Opinion: Congress should address health insurance tax


Opinion: Congress should address health insurance tax

Helping Small Businesses: Halting the Health Insurance Tax

As we all know, Congress has been encumbered in partisanship all fall. It’s time it does the people’s work before the end of the year. Few issues are as wide reaching as the Health Insurance Tax — it ultimately raises health care costs for 142 million Americans and will undercut the economy, and more than half of the cost of the entire tax is paid by working- and middle-class households in the end.

But it is particularly burdensome for Georgia’s small-business community as well.
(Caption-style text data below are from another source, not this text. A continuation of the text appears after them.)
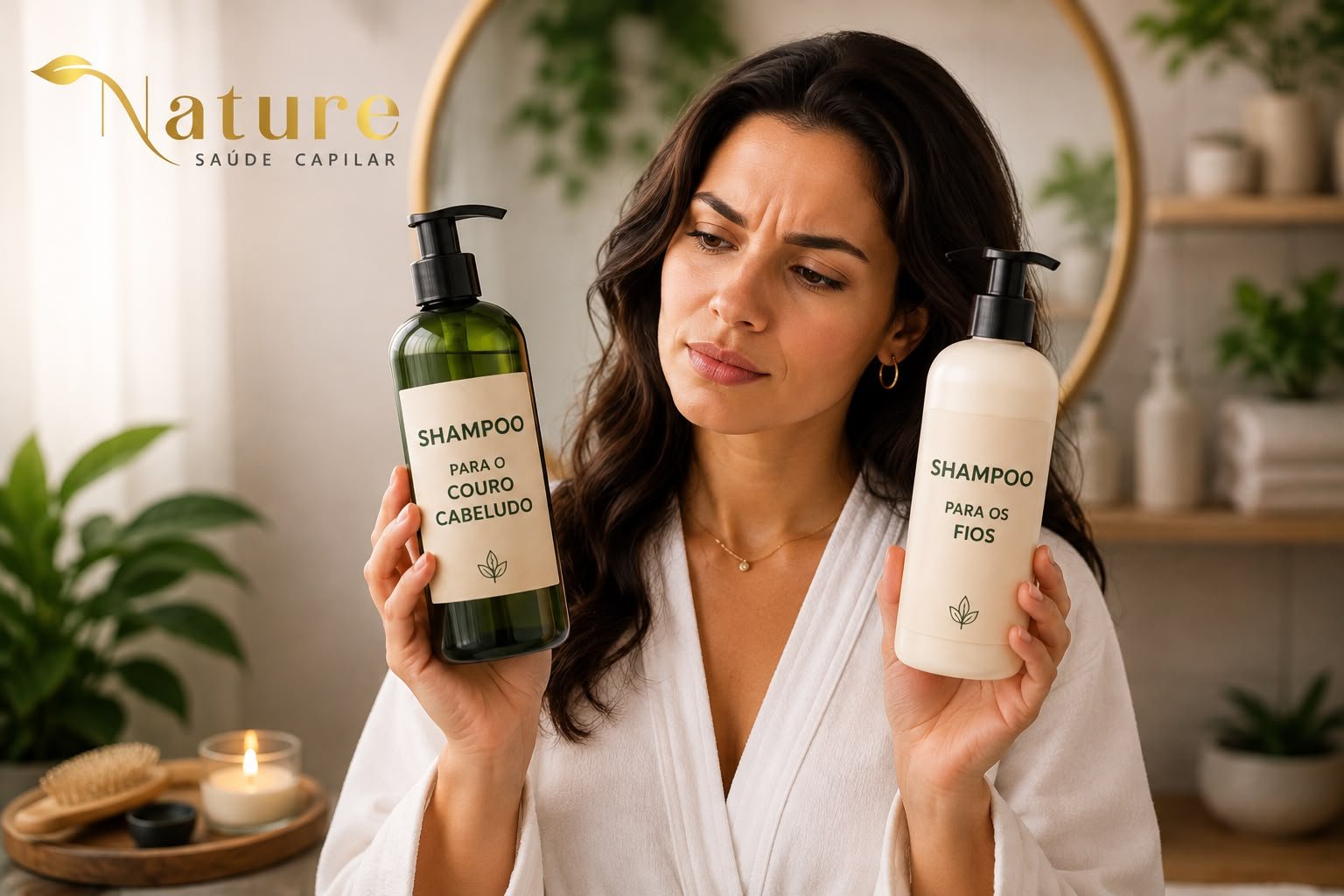 Mulher segurando dois shampoos, um para o couro cabeludo e outro para os fios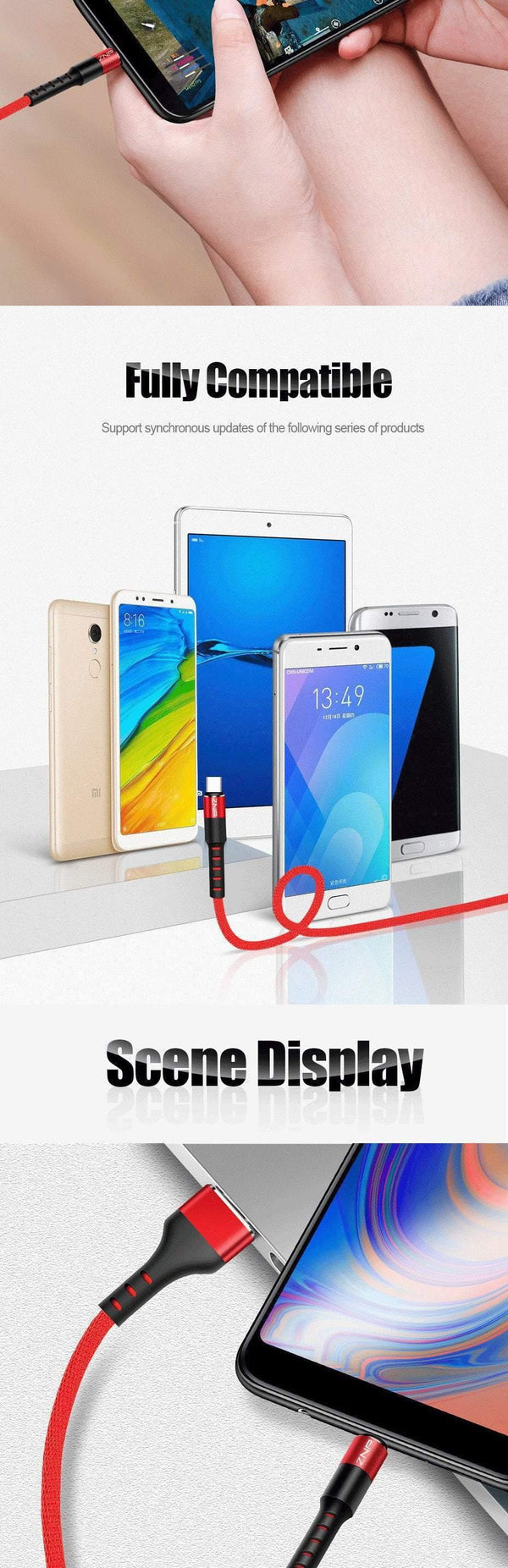 Planet Gates China / Black / 1.0m Type C Cable ZNP USB Type C Cable Fast Charger Cable For Samsung Galaxy S9 S8 Huawei Mate 20 Pro Quick Charging USB Type-C Phone Charge Cable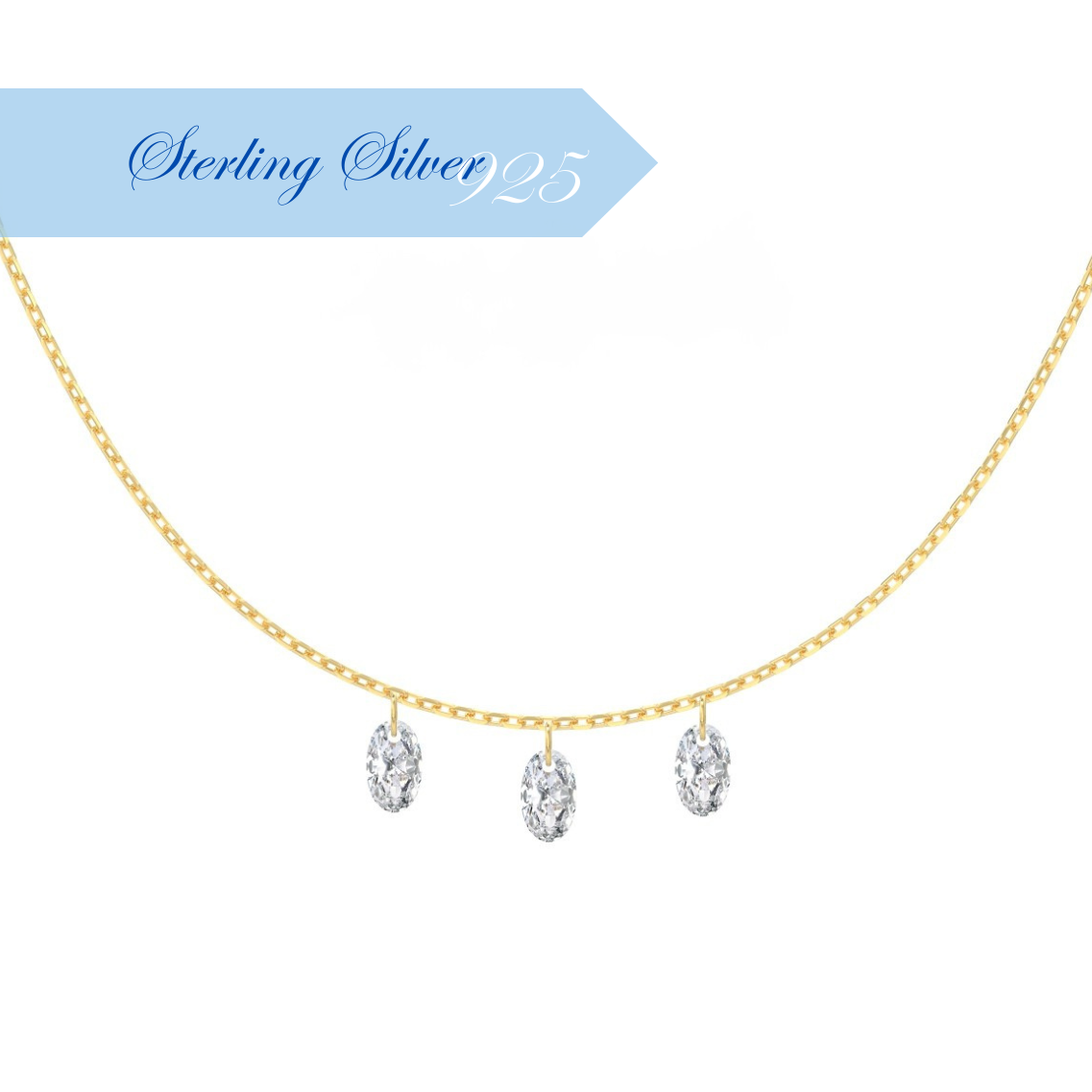 CRYSTAL WAVE ✧ Collana ARGENTO 925/Gold 14k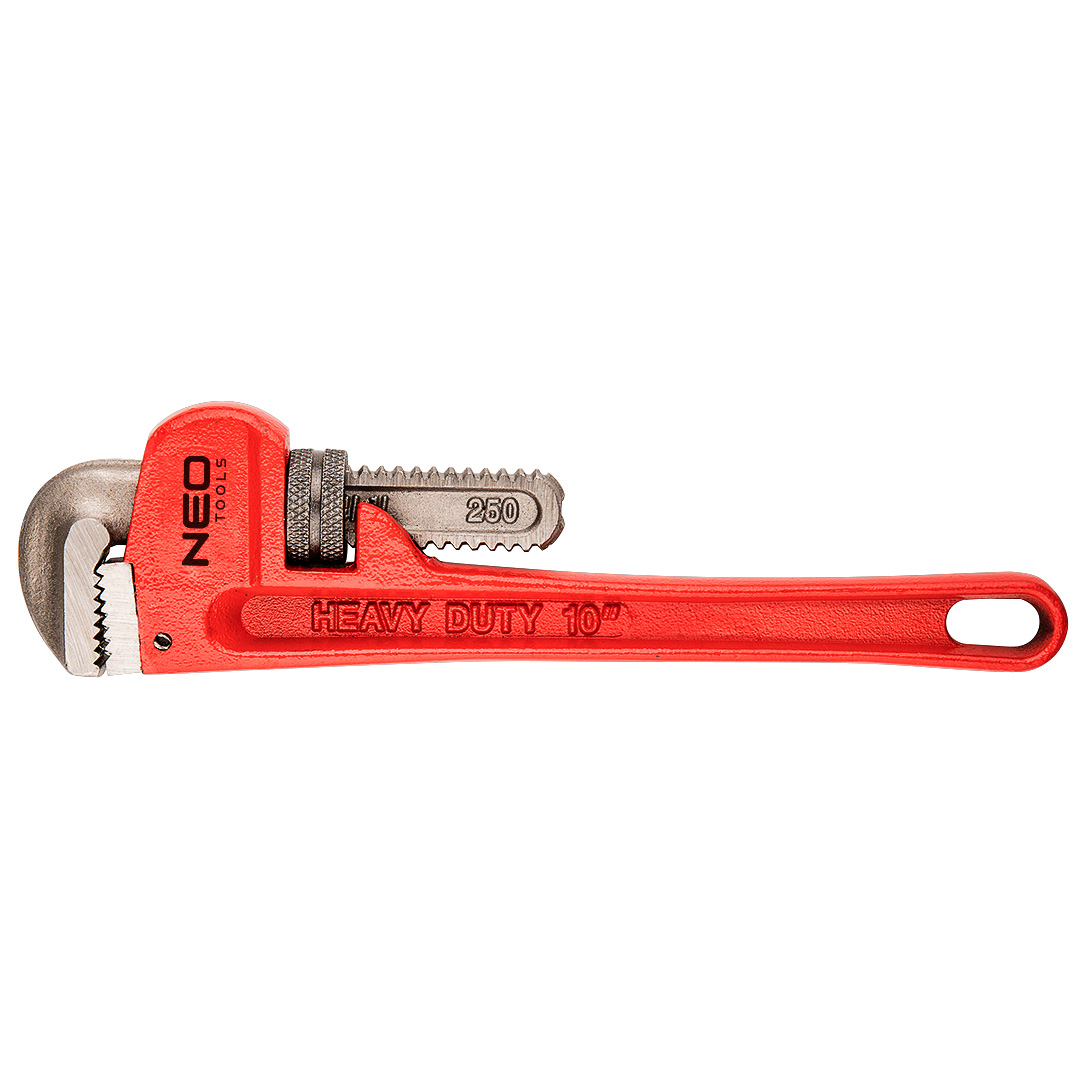 TOP-02-415--Klucz do rur stillson 250 mm, zakres 44 mm, 10", waga 0.625 kg, korpus z żeliwa sferoidalnego, szczęki odkuwane, szlifowane, ząbkowane, mechanizm ślimakowy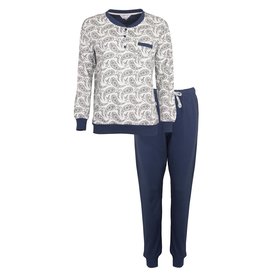 Tenderness Tenderness Dames Pyjama - Fleece - Polo Sluiting - Blauw
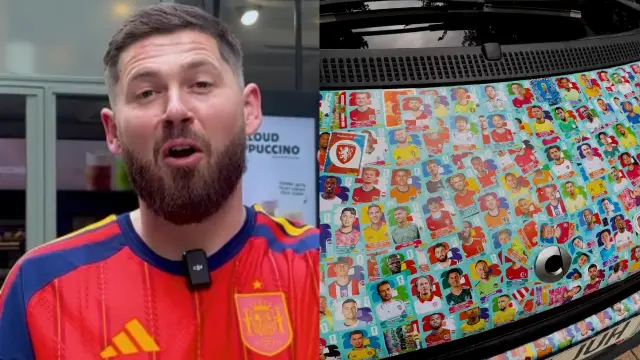 Un youtuber cubre su coche con cromos del Mundial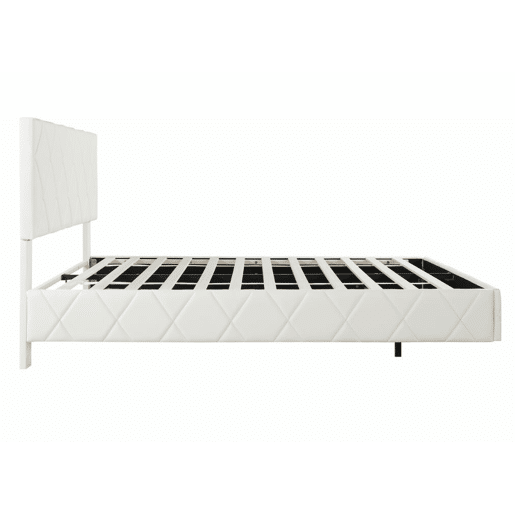 Cama de casal estofada em PU bege com faixas de luz LED 140x200cm DRAKKUL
The HIT is assessed on insurers, but it affects the 88% of small businesses that purchase their health care plans through the fully insured marketplace. 

As someone who has several small businesses, I appreciate the struggle many entrepreneurs face. Starting a business often means giving up a good job and investing your life savings, not to mention the time and emotional energy involved. Small-business owners are the backbone of our economy; they are the first ones in and the last ones out every day, and they provide jobs, expand the local tax base and contribute to our communities. 

So, we deserve unequivocal support from our elected officials. We need our elected officials’ support to help pass HR 1398 and S 172, the Health Insurance Tax Relief Act of 2019. Congress has passed similar relief measures in 2015 and 2017, and it is important that it does so ahead of the new year as businesses are planning their own budgets.